At the same time, the cations in the zeolite may also have a steric hindrance effect on the adsorption of VOCs, blocking the pores of the molecular sieve. Beerdsen et al. (2003) studied the adsorption characteristics of alkanes on MFI zeolites containing cations such as Li+, Na+, K+, Cs+, Ca2+, and Ba2+, respectively. The results showed that the adsorption capacity of alkanes decreased with the increase of cations introduced, while for the same zeolite, the adsorption capacity of alkanes increased with the decrease of the cation size. However, in a study by Nigar et al. (2015), the introduction of the same cation (Na+) on Y zeolite facilitated the adsorption of n-hexane by zeolite. Zeng and Ju (2009) used GCMC (Grand canonical ensemble Monte Carlo) to simulate the adsorption of benzene on MFI zeolite. The results showed that Na+ would block the intersection of the straight channels and Z-shaped channels of MFI zeolite and reduce the adsorption capacity of benzene. The results were consistent with the research of Beerdsen et al. (2003). The above studies suggest that cations in zeolites with larger pores can act as additional adsorption sites.

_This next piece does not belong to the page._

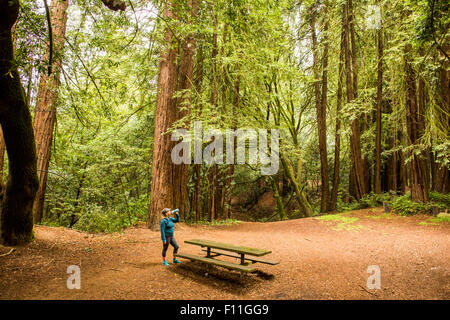 Caucasian woman drinking from bottle in forest clearing Stock Photo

Conversely, cations in zeolites with smaller pores may block the pores and reduce the porosity to the detriment of adsorption.

Benchaabane et al. (2022) prepared LiNa-, CaNa-, and MgNa-LTA by ion exchange and tested the adsorption performance of propane and propylene on three zeolites at 303 K and 5 bar. The results show that the adsorption performance of these three zeolites was improved compared with pure silica zeolite (Si-LTA), and CaNa-LTA was the most effective for propylene/propane CaNa-LTA had the best adsorption effect on propylene/propane. Furthermore, it is shown that the adsorption performance of zeolites can be adjusted very precisely by the cation exchange process.

Zeolites for VOCs adsorption should be modified with suitable cations. In the study by Tidahy et al. (2007), using Cs+ exchange with Na+ in FAU and BEA zeolites resulted in a distortion of the zeolite skeleton with excessive Cs+, thus leading to a decrease in both surface area and pore volume of the zeolite, leading to a reduction in adsorption performance. García-Pérez et al. (2010) showed a significant increase in the adsorption capacity of Na+-exchanged zeolites for 2,2-dimethylbutane with increasing amounts of Na+, while the adsorption capacity of Ca2+-exchanged zeolites remained almost unchanged. This study showed that Na+ favored the adsorption of 3-methylpentane, while Ca2+ favored the adsorption of hexane.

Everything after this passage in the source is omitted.